At a conference in the University of CEMA, Libertad y Progreso’s representative Marcos Hilding Ohlsson participated in a debate alongside Instituto Amagi’s economist Roberto Cachanovsky and Acton Institute’s Cecilia Vázquez Ger. The debate focused on how to make social programs more effective and the promotion of their replacement by producing jobs in the private sector. Concluding remarks were carried out by Gustavo Lazzari, director of the Atlas Foundation. Economic analyst Iván Carrino moderated.
Lecturers highlighted that the Argentine government needs to change the incentive system that governs social programs so it becomes more efficient. Cachanovsky gave the example of a small town in the province of Córdoba where 120% of the population receives a disability pension. In this town, it is so easy to carry out the procedure to get this pension that it attracts people from other places and enables some doctors to create a business out of keeping the first few months of the pension in exchange for signing a disability certificate.
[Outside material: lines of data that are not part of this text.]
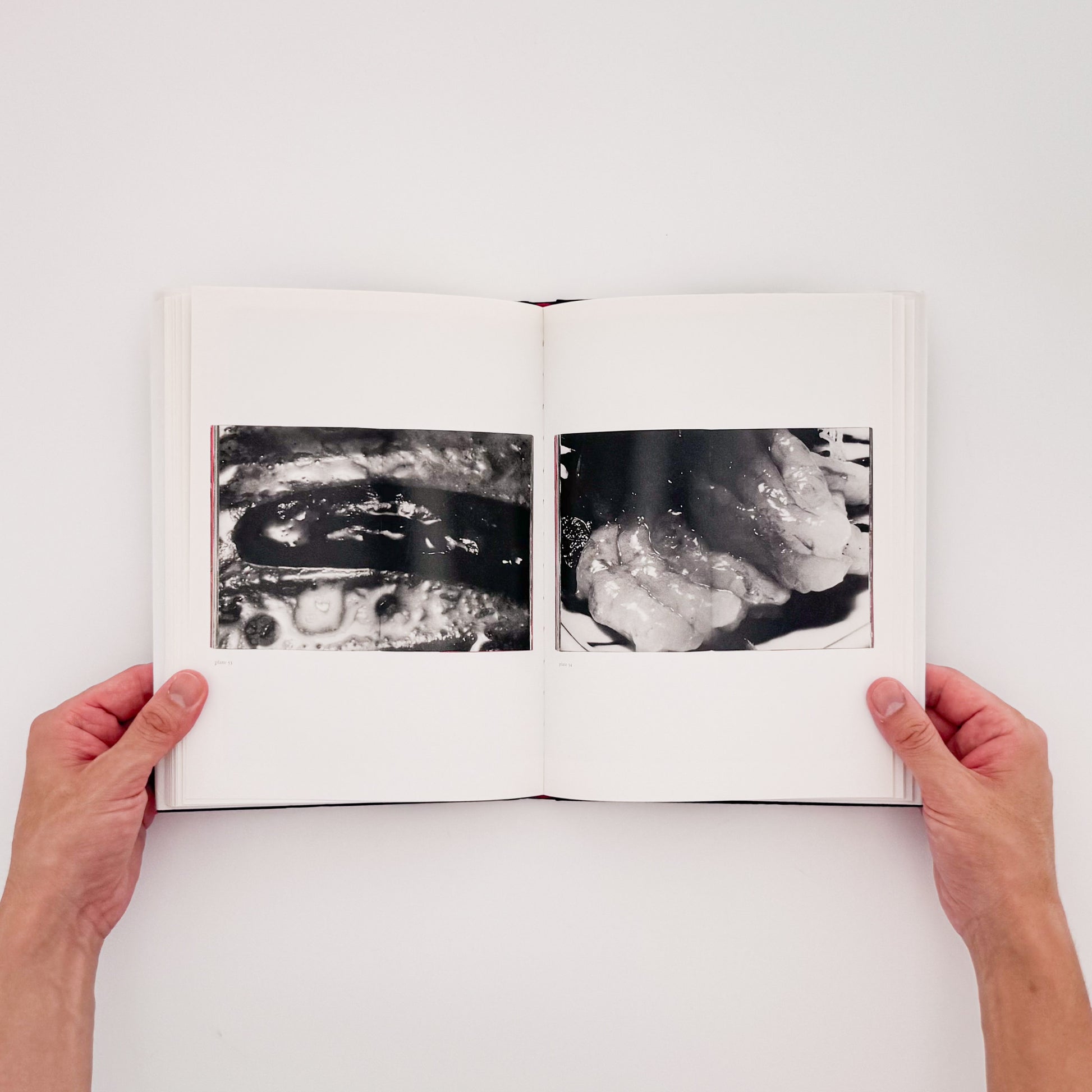 荒木経惟 / ARAKI Nobuyoshi『The Banquet』1993年刊行の写真集『食事』を全ページ複写収録したErrata Editions Books on Books #15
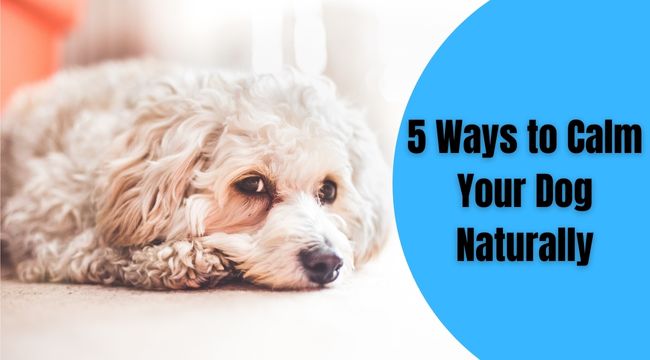 5-Ways-to-Calm-Your-Dog-Naturally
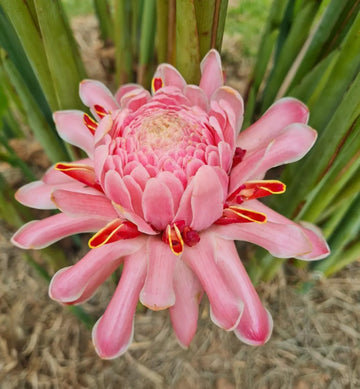 Rainbow Torch Ginger Flower seeds for Planting - Premium Quality, Heirloom & GMO Free Seeds for Home Garden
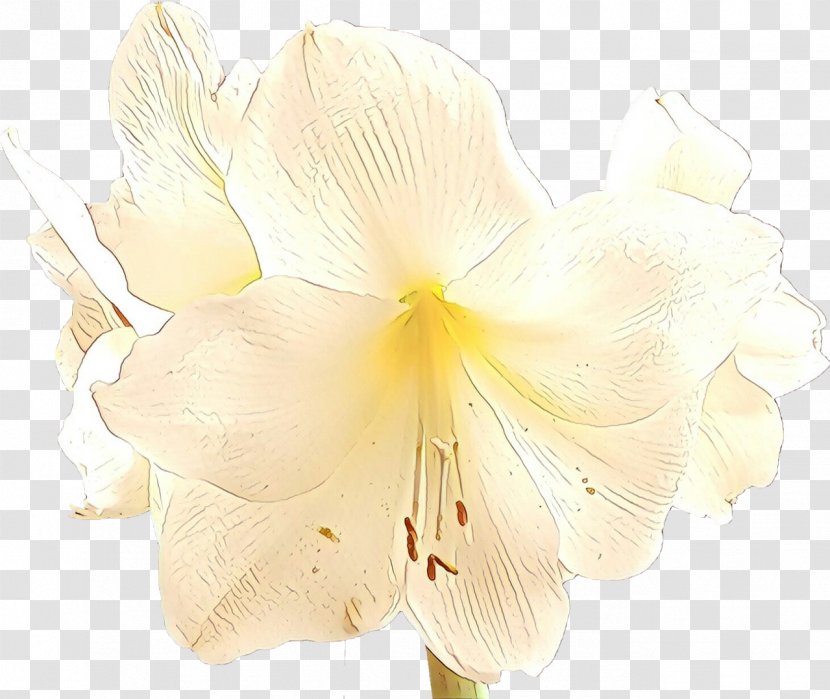 Cut Flowers Moth Orchids Jersey Lily Petal - Amaryllis Transparent PNG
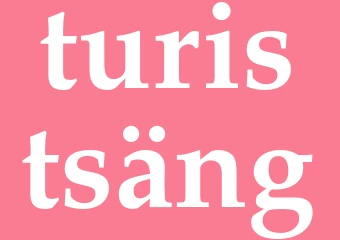 Synonym turistsäng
Experts emphasized that social public spending has multiplied 7 times over the last decade – growing from 27,000 million to 80,000 million. However, poverty levels did not decrease substantially. Hence, the system needs to be changed urgently. One of the most significant issues is that many social programs are managed by the same “puntero” (political leader) who uses them for political gain. Some of these programs have the power to distribute thousands of plans. Thus, during the conference, a proposal to put the Ministry of Social Development in charge of this distribution was introduced. This would be particularly effective if done through municipalities, which have closer contact with the recipients and know the particulars of each case better.
Another proposal introduced at the conference was to create a register including all the beneficiaries of the programs in order to retrain them so that they can find a job in the private sector. They would still receive their social plan for a certain period of time so they can survive until they find a new job, but an incentive to actively look for employment would still exist. Limiting the number of plans received to 1 per person is also key for the success of this plan, since the money received from additional plans can be supplemented for the one received from the main plan, which is used to make a living. Therefore, receiving more than 1 plan can disparage the need to look for work. In Argentina, there are 1,800,000 individuals who receive more than 1 plan.
According to these lecturers, the incentives mentioned here have to be complemented with labor legislation that allows businesses to hire (and fire) employees easily, to reinforce their demand for new hirees and more people can find jobs. “Only 1% of businesses in Argentina are big multinationals. The other 99% is made small businesses who are responsible for 64% of the jobs in our country, we should help them grow.” We should help people to express themselves and develop their best qualities, we should see them as the solution rather than the problem” Hilding Ohlsson concluded.